Personal information
- Born: 21 September 1979 (age 46) Brighton, Sussex, England
- Height: 5 ft 9 in (175 cm)
- Weight: Middleweight, Light-middleweight, Welterweight, Super-lightweight, Lightweight

Boxing career
- Stance: Orthodox

Boxing record
- Total fights: 251
- Wins: 15
- Win by KO: 0
- Losses: 224
- Draws: 12

= Kevin McCauley =

English boxer (born 1979)

Kevin McCauley (born 20 July 1993) is an English former professional boxer. During a 15-year career, he won the Midlands Area welterweight title before transitioning into a journeyman role and going on to have 251 fights. McCauley was inducted into the British Boxing Hall of Fame in 2025.

==Career==
A former judo player, McCauley took up professional boxing in 2008.

He defeated defending champion, Dave Ryan, on points 97–96 to win the Midlands Area welterweight title at the Heritage Hotel in Derby on 2 February 2010.

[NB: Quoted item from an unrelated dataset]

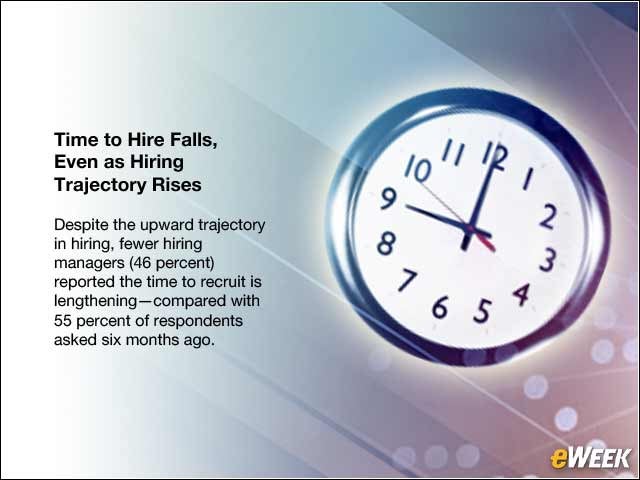 4 - Time to Hire Falls, Even as Hiring Trajectory Rises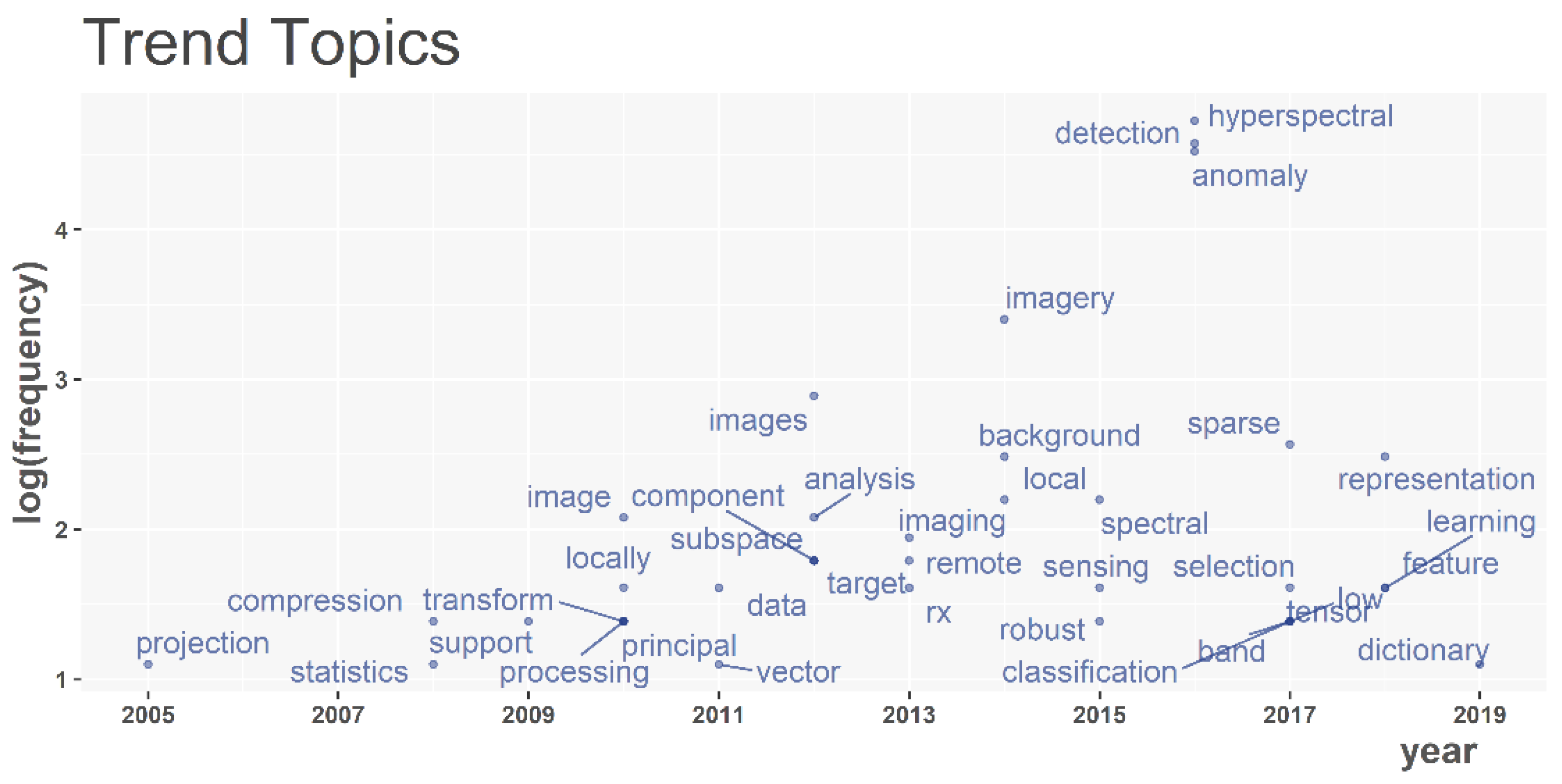 Applsci 11 04878 g004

In his first defense on 4 December 2010, McCauley lost his title to Sean McKervey on points 96–94 at the Hilton Hotel in Coventry.

He subsequently moved into a journeyman role, plying his trade at various weight categories from middleweight to lightweight and amassing a 251 fight record, including sharing a ring with future world champions Liam Smith and Sam Eggington as well as Jack Catterall, Troy Williamson, Bradley Skeete, Jason Welborn, Frankie Gavin, Ekow Essuman, Harry Scarff, Conah Walker and Jack Rafferty, who would all go on to be British title holders.

Despite suffering 224 defeats, McCauley only failed to go the full distance in 14 of his bouts. His final contest was a four-round points defeat to Mussab Abubaker in Willenhall on 27 March 2022.

In July 2022, McCauley announced his retirement from professional boxing. He was inducted into the British Boxing Hall of Fame in September 2025 as part of its 100 Plus Club.

==Personal life==
McCauley has a degree in criminology and social care from the University of Wolverhampton.